Exercise objective:
Give back an exact copy of the lines in the records below, from the line that has "обратилась Оксана Викто..." through the line that has "Broken Bow Cabin", and nothing besides.

Data for review:
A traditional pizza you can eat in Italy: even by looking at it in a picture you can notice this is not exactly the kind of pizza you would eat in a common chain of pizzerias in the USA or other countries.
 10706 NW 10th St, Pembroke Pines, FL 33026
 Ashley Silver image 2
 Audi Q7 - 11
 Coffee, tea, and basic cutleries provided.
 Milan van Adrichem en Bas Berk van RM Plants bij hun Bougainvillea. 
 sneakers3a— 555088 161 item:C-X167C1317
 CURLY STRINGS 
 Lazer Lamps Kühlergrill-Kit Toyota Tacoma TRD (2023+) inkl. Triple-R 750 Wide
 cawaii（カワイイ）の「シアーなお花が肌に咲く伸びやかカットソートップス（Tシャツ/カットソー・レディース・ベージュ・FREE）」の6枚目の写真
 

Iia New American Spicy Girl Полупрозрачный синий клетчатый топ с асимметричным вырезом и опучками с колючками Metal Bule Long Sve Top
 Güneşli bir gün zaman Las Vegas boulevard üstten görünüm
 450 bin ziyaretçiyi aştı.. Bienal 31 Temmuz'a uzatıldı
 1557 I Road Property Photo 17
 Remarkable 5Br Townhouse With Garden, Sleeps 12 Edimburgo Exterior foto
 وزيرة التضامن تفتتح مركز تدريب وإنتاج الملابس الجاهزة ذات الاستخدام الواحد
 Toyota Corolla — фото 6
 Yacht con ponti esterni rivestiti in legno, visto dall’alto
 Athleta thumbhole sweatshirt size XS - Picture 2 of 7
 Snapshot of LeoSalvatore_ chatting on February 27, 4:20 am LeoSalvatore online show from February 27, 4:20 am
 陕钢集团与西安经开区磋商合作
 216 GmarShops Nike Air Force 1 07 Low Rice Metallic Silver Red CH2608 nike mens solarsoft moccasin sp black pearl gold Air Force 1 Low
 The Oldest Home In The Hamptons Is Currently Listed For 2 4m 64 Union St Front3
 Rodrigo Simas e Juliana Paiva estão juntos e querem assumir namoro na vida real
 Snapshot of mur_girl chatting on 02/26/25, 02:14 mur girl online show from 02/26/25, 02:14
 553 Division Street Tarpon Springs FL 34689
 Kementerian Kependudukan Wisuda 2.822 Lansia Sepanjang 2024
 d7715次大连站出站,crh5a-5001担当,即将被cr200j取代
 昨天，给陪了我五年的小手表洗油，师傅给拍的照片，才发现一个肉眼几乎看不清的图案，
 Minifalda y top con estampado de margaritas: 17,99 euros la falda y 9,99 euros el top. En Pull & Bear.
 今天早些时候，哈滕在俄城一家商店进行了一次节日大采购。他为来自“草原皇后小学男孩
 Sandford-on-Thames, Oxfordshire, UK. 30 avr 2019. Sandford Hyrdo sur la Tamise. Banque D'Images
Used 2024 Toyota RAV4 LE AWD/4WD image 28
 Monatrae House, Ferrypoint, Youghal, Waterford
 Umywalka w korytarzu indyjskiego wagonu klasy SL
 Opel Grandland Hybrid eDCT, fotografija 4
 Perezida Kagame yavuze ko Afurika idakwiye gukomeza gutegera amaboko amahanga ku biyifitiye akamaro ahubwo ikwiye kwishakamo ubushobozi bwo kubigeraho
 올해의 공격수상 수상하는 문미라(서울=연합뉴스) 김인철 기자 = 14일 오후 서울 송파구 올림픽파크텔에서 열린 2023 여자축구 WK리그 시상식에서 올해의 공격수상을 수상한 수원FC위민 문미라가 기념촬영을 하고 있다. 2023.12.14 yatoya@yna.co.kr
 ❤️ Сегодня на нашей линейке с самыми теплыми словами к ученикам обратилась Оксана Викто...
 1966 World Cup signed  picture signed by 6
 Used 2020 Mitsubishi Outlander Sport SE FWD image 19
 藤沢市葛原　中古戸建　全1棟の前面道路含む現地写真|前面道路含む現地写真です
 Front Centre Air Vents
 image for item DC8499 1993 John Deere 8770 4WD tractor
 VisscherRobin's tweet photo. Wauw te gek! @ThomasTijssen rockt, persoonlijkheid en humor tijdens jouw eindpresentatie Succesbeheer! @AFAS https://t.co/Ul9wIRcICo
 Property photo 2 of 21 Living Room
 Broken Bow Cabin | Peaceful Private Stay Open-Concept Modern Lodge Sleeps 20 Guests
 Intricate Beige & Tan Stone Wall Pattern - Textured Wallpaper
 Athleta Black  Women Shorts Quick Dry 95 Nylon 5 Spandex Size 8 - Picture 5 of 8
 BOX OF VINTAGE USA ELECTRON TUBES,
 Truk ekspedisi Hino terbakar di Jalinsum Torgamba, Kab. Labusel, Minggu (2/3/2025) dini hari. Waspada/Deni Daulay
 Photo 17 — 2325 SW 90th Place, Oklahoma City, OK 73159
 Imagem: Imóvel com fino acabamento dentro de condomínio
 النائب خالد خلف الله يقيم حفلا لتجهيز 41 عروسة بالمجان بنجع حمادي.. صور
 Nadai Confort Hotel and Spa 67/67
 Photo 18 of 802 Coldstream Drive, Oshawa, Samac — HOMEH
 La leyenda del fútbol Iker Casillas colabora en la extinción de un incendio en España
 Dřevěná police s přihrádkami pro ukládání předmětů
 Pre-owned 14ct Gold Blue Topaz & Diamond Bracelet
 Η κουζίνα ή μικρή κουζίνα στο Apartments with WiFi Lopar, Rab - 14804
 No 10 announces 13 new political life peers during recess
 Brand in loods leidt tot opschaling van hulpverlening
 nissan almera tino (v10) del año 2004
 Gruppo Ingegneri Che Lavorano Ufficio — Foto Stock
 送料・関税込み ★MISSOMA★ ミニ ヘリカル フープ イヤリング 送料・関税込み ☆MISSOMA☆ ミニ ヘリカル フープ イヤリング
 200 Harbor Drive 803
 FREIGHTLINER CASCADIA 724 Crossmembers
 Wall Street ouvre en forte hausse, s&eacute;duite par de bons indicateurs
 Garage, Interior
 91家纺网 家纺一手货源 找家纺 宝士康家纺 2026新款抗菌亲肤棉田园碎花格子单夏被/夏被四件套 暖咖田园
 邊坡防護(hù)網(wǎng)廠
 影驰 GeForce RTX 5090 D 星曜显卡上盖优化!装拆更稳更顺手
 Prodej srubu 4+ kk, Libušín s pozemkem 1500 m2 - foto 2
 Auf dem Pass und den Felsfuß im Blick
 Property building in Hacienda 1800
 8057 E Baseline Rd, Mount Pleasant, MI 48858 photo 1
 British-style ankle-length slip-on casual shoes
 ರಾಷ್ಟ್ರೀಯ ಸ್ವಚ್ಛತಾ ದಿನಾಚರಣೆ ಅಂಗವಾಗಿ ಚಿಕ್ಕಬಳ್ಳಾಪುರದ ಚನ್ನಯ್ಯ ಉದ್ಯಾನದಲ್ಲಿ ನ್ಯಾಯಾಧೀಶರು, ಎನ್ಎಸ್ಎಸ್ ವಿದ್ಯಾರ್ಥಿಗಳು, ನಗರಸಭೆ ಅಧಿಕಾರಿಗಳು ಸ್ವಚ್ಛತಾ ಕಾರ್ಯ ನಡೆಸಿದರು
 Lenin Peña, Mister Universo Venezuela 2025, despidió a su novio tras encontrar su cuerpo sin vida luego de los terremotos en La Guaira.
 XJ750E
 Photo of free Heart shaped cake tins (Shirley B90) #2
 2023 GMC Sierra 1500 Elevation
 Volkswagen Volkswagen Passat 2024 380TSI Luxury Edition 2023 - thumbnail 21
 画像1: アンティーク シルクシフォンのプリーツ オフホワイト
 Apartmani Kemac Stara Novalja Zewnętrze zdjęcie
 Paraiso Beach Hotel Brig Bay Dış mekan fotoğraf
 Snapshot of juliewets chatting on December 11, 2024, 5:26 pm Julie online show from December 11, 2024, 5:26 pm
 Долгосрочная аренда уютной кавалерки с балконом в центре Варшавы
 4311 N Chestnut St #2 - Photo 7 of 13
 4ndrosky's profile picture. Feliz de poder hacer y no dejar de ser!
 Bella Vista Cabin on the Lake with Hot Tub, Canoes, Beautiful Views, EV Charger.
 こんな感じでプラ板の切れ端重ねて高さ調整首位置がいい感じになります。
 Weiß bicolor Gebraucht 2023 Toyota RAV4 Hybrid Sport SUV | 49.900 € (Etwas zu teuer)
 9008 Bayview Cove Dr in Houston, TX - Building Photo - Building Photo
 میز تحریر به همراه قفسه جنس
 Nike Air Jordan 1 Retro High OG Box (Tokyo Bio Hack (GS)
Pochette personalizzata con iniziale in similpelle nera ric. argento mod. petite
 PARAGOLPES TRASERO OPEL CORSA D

Completed exercise:
 ❤️ Сегодня на нашей линейке с самыми теплыми словами к ученикам обратилась Оксана Викто...
 1966 World Cup signed  picture signed by 6
 Used 2020 Mitsubishi Outlander Sport SE FWD image 19
 藤沢市葛原　中古戸建　全1棟の前面道路含む現地写真|前面道路含む現地写真です
 Front Centre Air Vents
 image for item DC8499 1993 John Deere 8770 4WD tractor
 VisscherRobin's tweet photo. Wauw te gek! @ThomasTijssen rockt, persoonlijkheid en humor tijdens jouw eindpresentatie Succesbeheer! @AFAS https://t.co/Ul9wIRcICo
 Property photo 2 of 21 Living Room
 Broken Bow Cabin | Peaceful Private Stay Open-Concept Modern Lodge Sleeps 20 Guests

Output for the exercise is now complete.